Edit: A couple more things.
First, the "trouble" words could potentially throw up some not-so-inspiring combinations due to redundancy in the lists. For example, you could easily draw "Winter, Summer, Fall" or a similar uninspiring combination. I don't know if this bothers you, of course, but I think it's worth thinking about.
Second, the whole premise here is "Underground: Where We Do Not Belong", but most of those Trouble words aren't likely to create anything underground or dungeonesque. Is that a disconnect in the design, or intentional? For example, if we draw "Excess, Family, Mayor", I doubt we're going to see torches in a dank dungeon, at least not as the first (or second, or third) thing that comes to mind. What's the intent of the game here?
Third, what font is that (titles)? I like it a lot!
I love the idea of inventing your own "demi-humans" each time you play. And your lists very nicely tell us not only about who these people are but a bit about their culture, as well.
I'd love to see some kind of prejudice/reputation list as well. Is your kind considered uncultured, or not tolerated in civilized society, or considered weak-hearted, or suspected of cannibalism? It would be up to the player to confirm or deny that reputation in play, of course.
The only thing that stands out to me is expending energy on moves: spending your precious HP for bonuses pre-roll seems like it'll often be wasted, especially since Endure Hardship's 7-9 is "lose one energy".
Maybe something post roll? I could see something like: "At Great Cost: Lose half your current energy (rounded up) to move a result up one class (6- -> 7-9, 7-9 -> 10+) after the roll"
You could even amp up the "you're going to bear some scars" part: "At Great Cost: Lose half your current energy (rounded up) to move a result up one class (6- -> 7-9, 7-9 -> 10+) after the roll. Your maximum energy goes down one as you suffer a permanent injury."
@Paul_T
I agree about standardized stuff. I know there are things I am doing when I run it that need to be codified and written down. I just need to figure out what those things are!
I haven't had any instant death situations yet. People tend to jealously horde their tokens and only use them when they really, really want to succeed. Usually about half the party dies, starting with the first death around half way through.
Adjectives could be interesting to add to the professional nouns. That's a bit of what I was trying to get at with the memories from the village bit.
"Winter, Summer, Fall" would potentially be a dull combination. My mind goes to a witch who has hexed the town into a perpetual winter. But if a group were uninspired, I suppose they could draw again. Other than season words, do you see anything that looks like a pitfall?

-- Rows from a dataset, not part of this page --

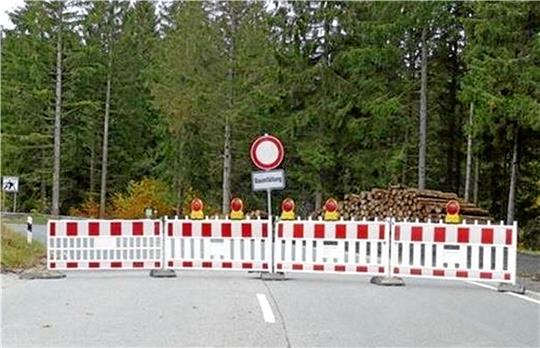 Die Landstraße 515 zwischen Lautenthal und Wildemann wird von Montag bis zum 25. Oktober wegen Baumfällungen gesperrt. Foto: Landesforsten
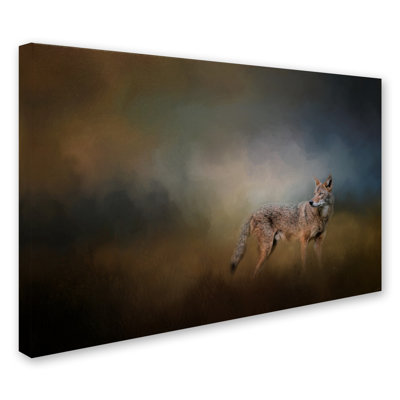 «Coyote at Shiloh» de Vidur, impression sur toile tendue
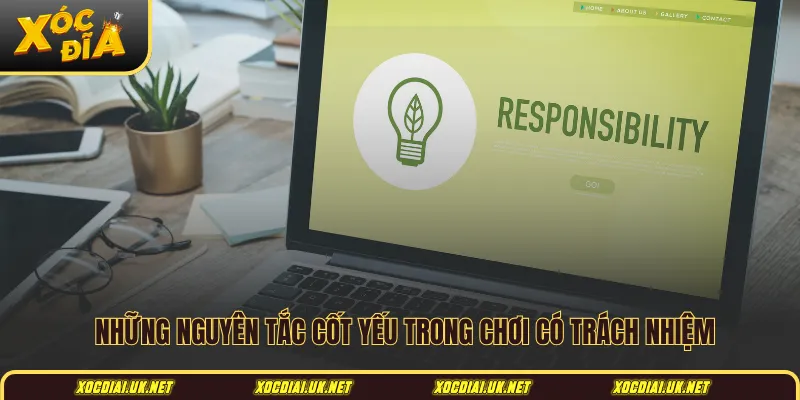 Những nguyên tắc cốt yếu trong chơi có trách nhiệm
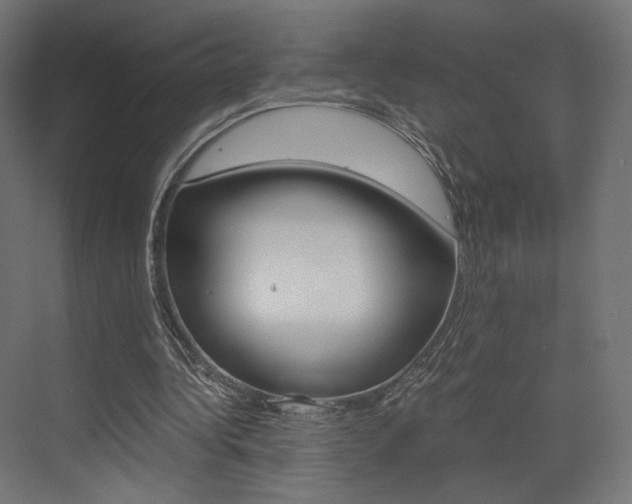 X0000073530340200607311021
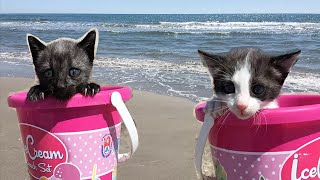 Vamos pa la playa con mis gatos graciosos  Los mejores videos de gatitos chistosos 3 [upl. by Nitsid]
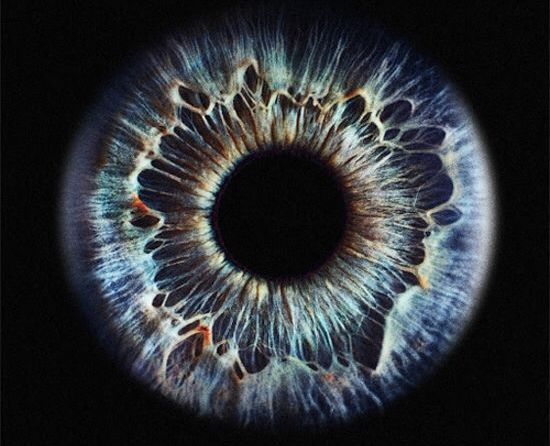 Глаз человека — загадка анатомии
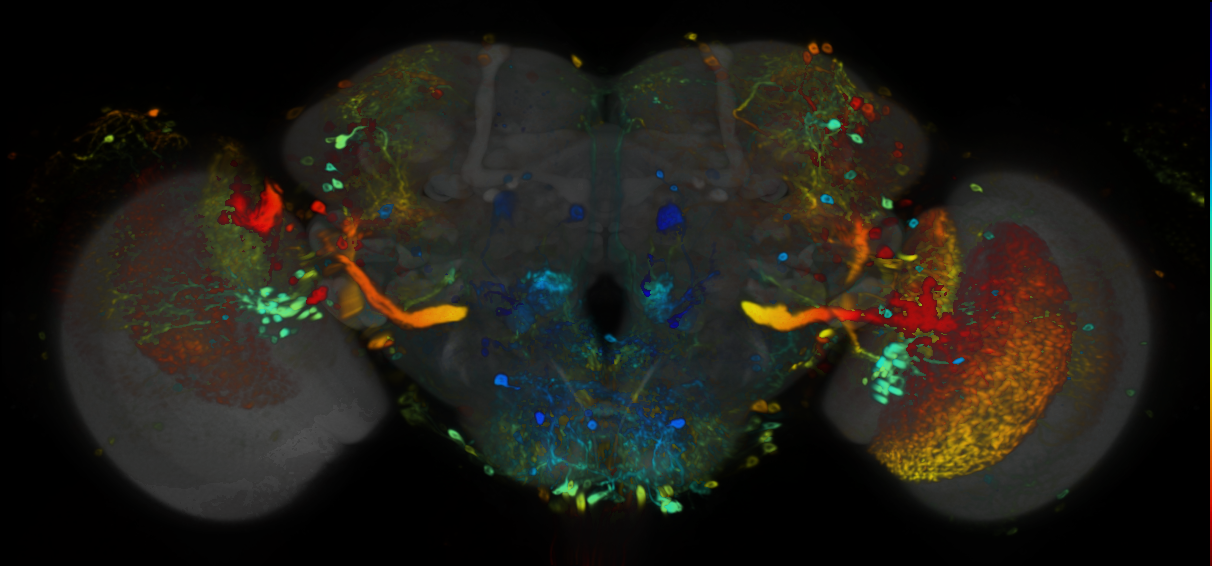P{VT024639-GAL4} expression pattern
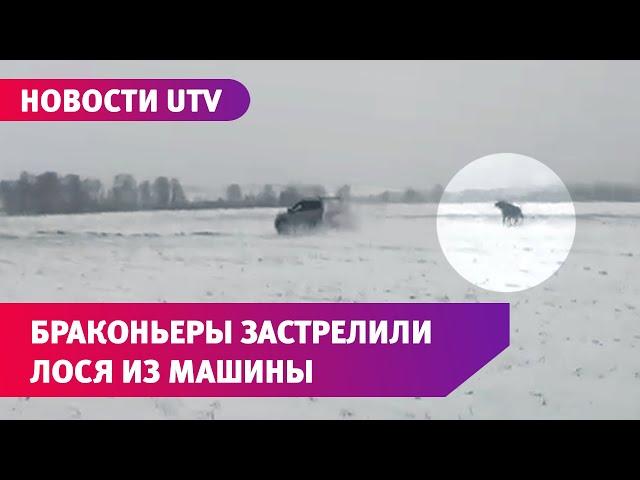 Застрелили лося из машины. Погоня за браконьерами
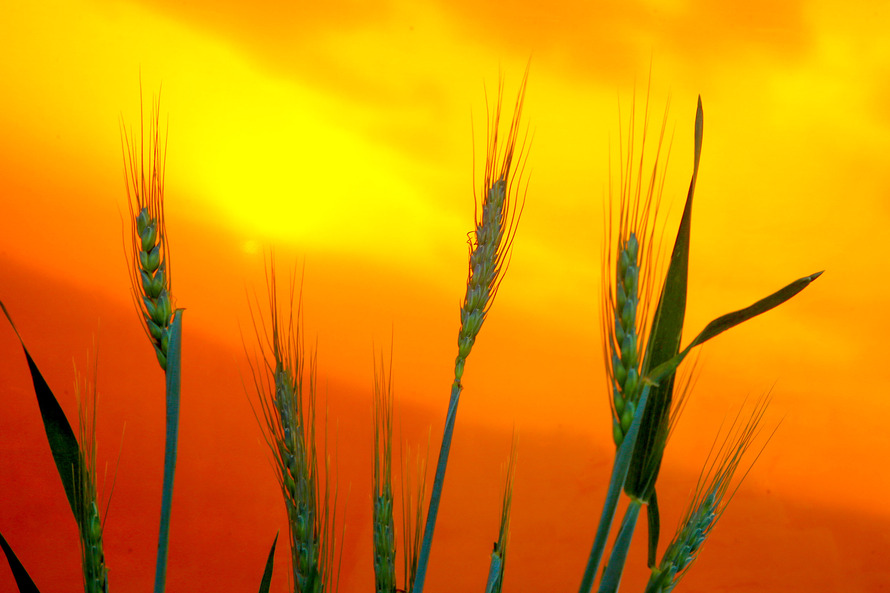 De forma geral, os produtores ainda aguardam melhores condições climáticas para etapas de plantio e colheita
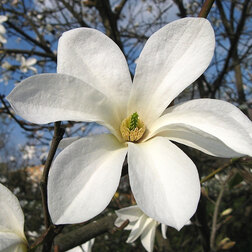 ������ ������ �������� �����   ����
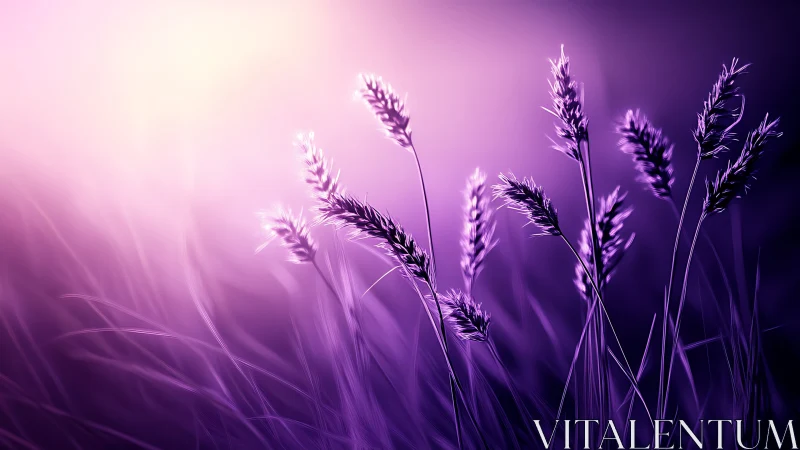 Purple backlit grass stalks in soft shallow focus field.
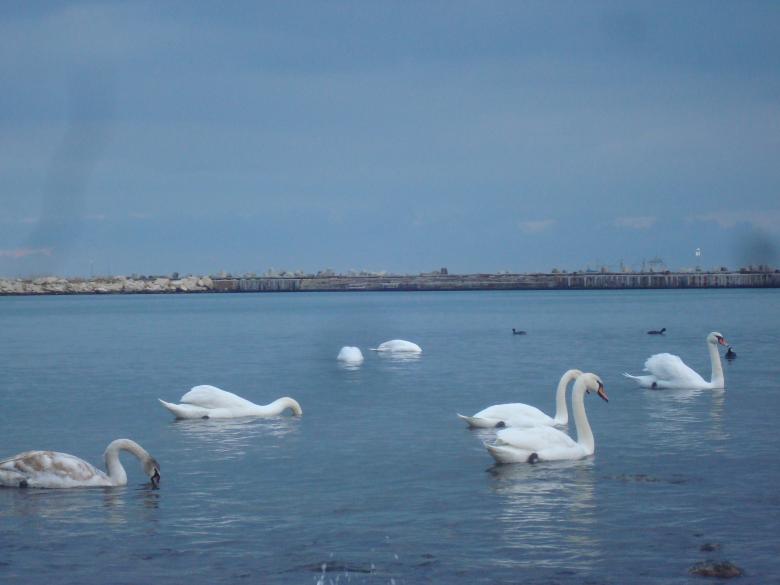 Free stock image of Swans at the Black Sea cost created by Boris Kyurkchiev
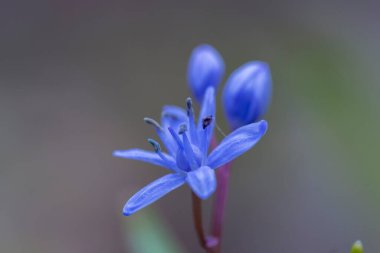 Scilla bifolia, Asparagaceae familyasından uzun ömürlü bir bitki türü. Erken dönem çiçekli bitki Scilla bifolia 'nın sanat fotoğrafı.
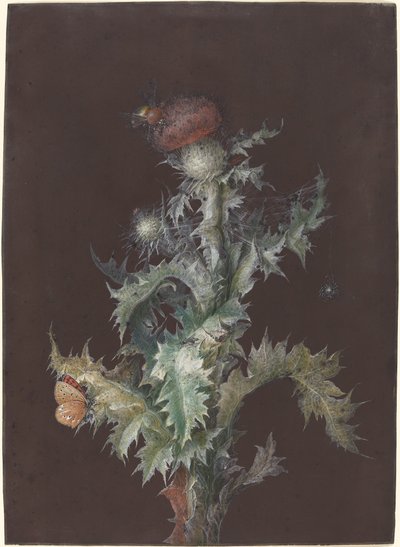 Bogáncs rovarokkal alkotó: Johann Christoph Dietzsch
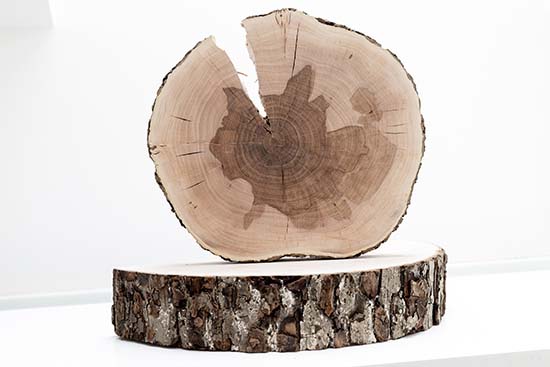 Themenfelder - Schwerpunkte Beratung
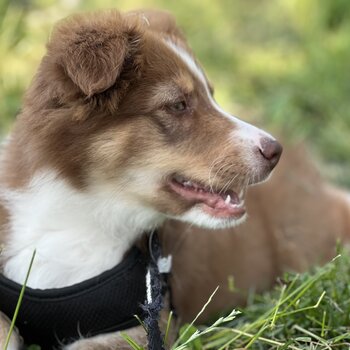 Australian Shepherd Puppy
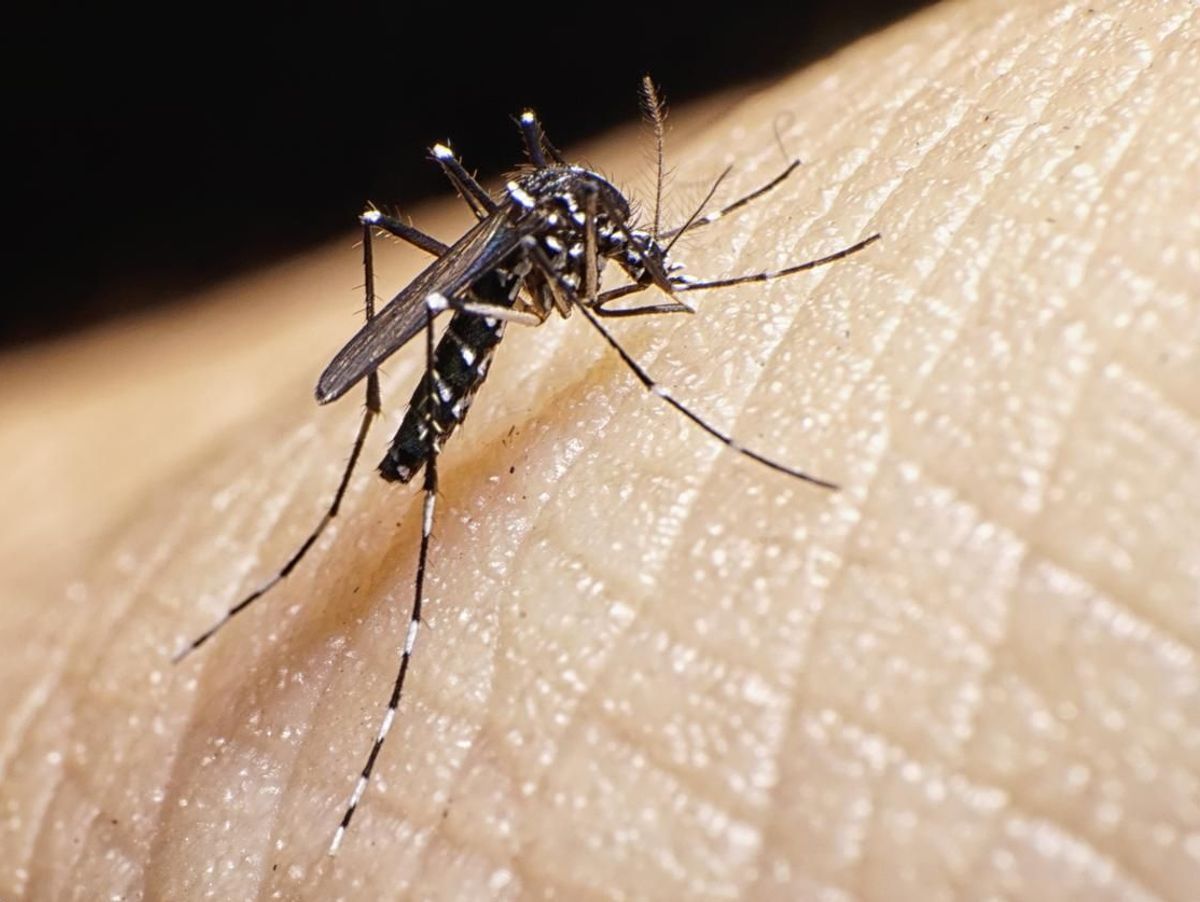22 cas de dengue enregistrés Rosso-Sénégal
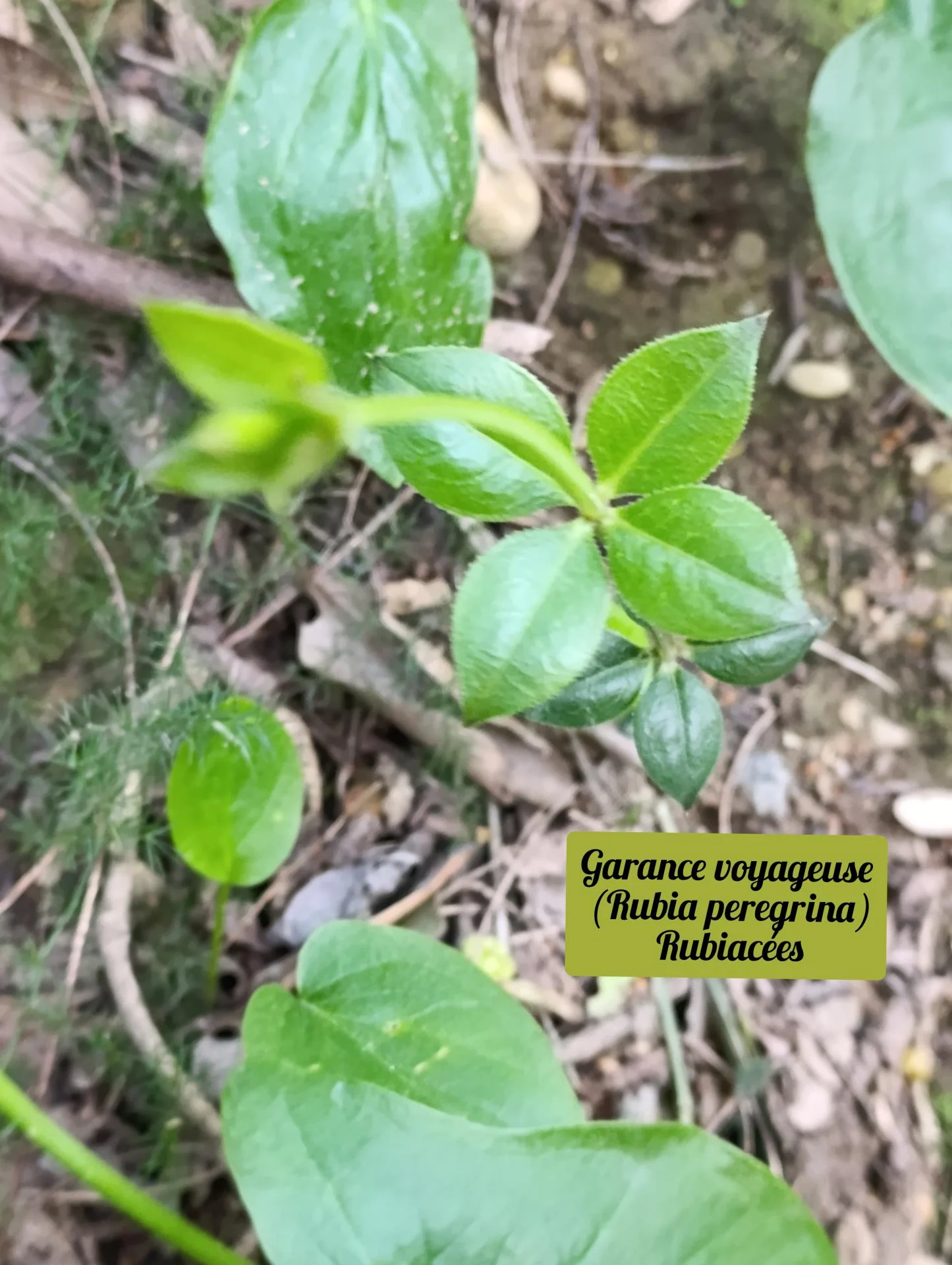 Garance voyageuse 01 25 03 26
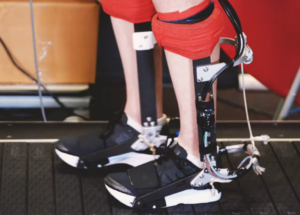 An Ankle Exoskeleton can make us Run Faster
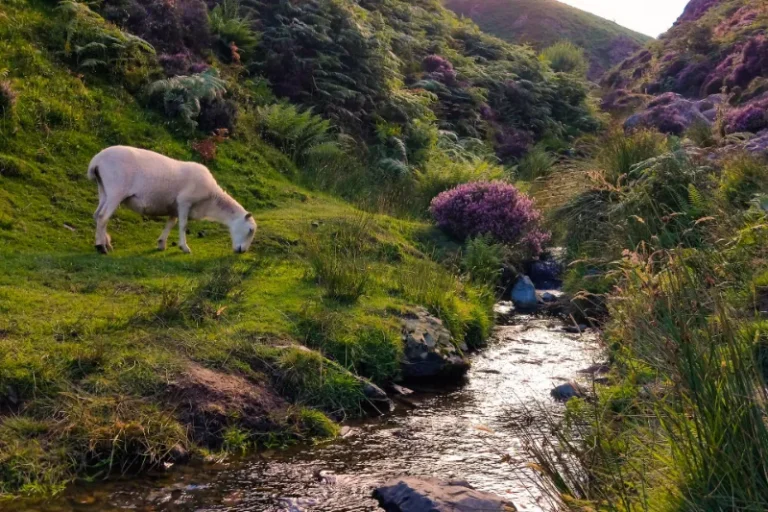 Shropshire Hills Church Stretton sheep 768x512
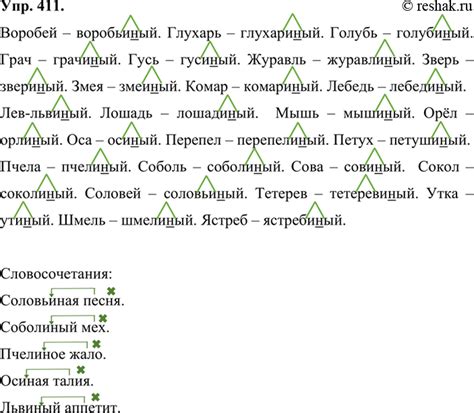 (Решено)Упр.411 ГДЗ Ладыженская Баранов 6 класс по русскому языку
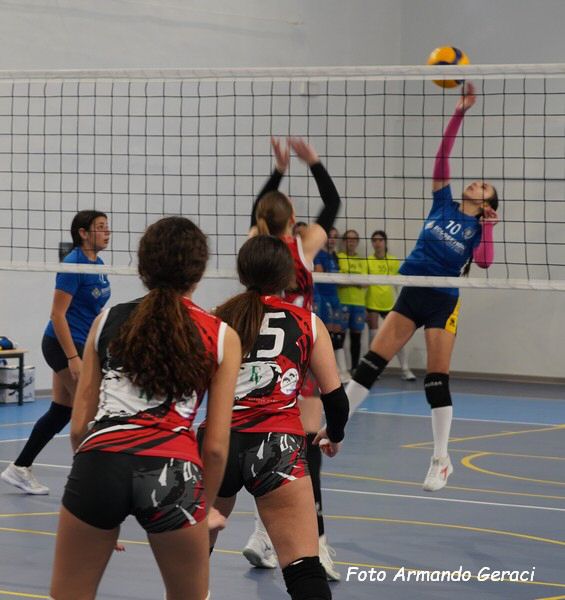 DSC02072y_tn.jpg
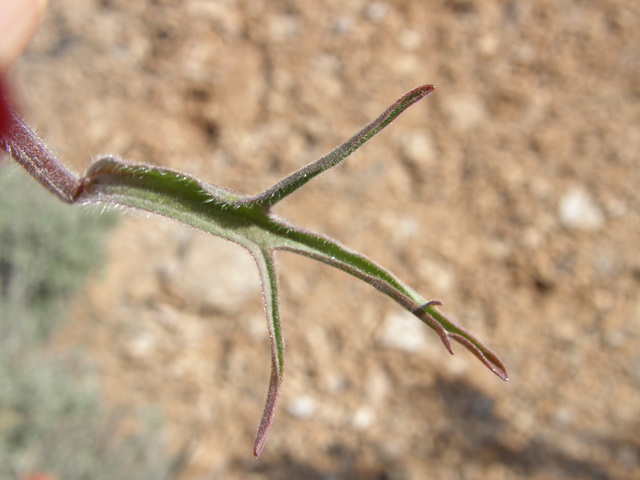 Castilleja angustifolia (Northwestern indian paintbrush) #78611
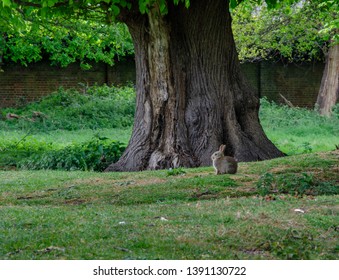 rabbit sitting under a tree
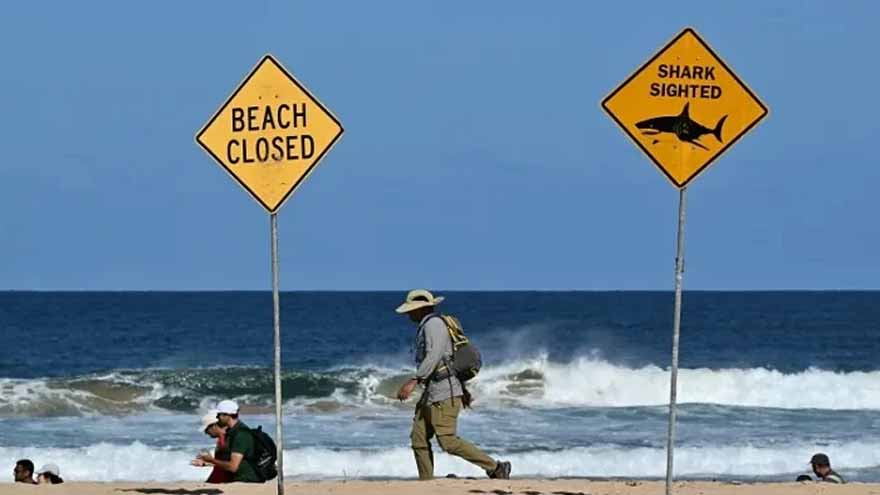 Shark kills swimmer, injures another in dawn attack on Australian beach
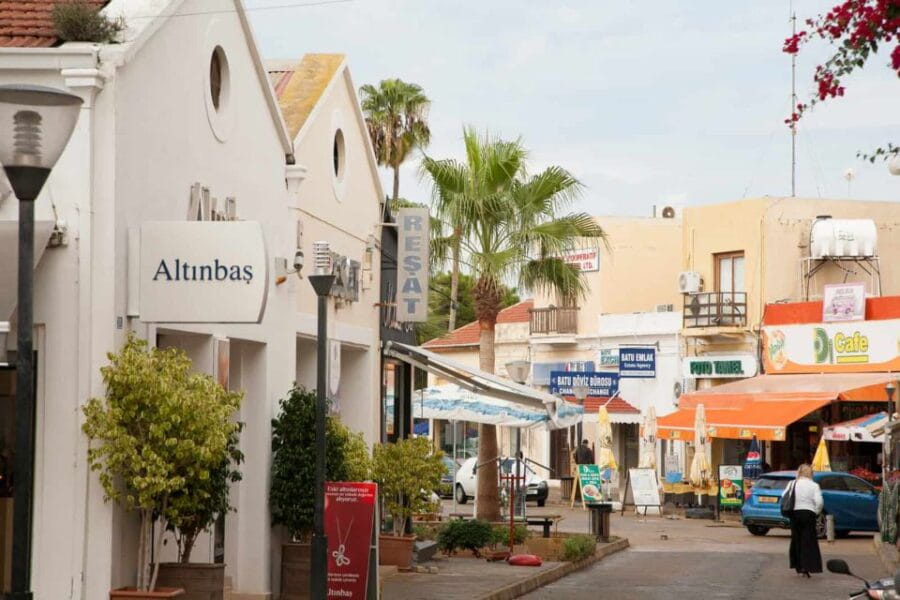 From Paphos: Tour Nicosia - Larnaca (North Cyprus Walk-In) - Itinerary Highlights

I agree that the players are unlikely to go underground. As I was making the professions as realistic as I could I realized that stereotypical villagers would face very few perils emerging from the underground, even in a fantasy setting. But, I do like the idea of caverns because they close the party off from so many pleasant things: sun, air, aid. But then on the other hand, I've loved the troubles that have arisen from the word list. I'm sort of at an impasse as far as that goes. I have been brainstorming alternate titles, though, so that might tell me which way I'm leaning towards.
And... font! http://www.dafont.com/benjamin-franklin.font
@James_Stuart
Expending energy pre-roll is brutal! But brutal is what I'm going for. I think you're idea of spending one token permanently might be a fair trade to move up a category - even without temporarily spending half your stash.
EDIT: I remember the other thought - I am considering further splintering the dice results, so as to make spending energy (or vigor or whatever better name I come up with) more worthwhile. Maybe 5-, 6-7, 8-9, 10+, but I'm not sure what that extra middle result would be. Maybe for Endure Hardship 6-7 would be lose an energy whereas 8-9 would be gain a condition. Now I'm rambling...
Anyway, thanks for the feedback! I'm going to try to make the GM section clearer and then if anyone else would like to run it, I'd be much obliged.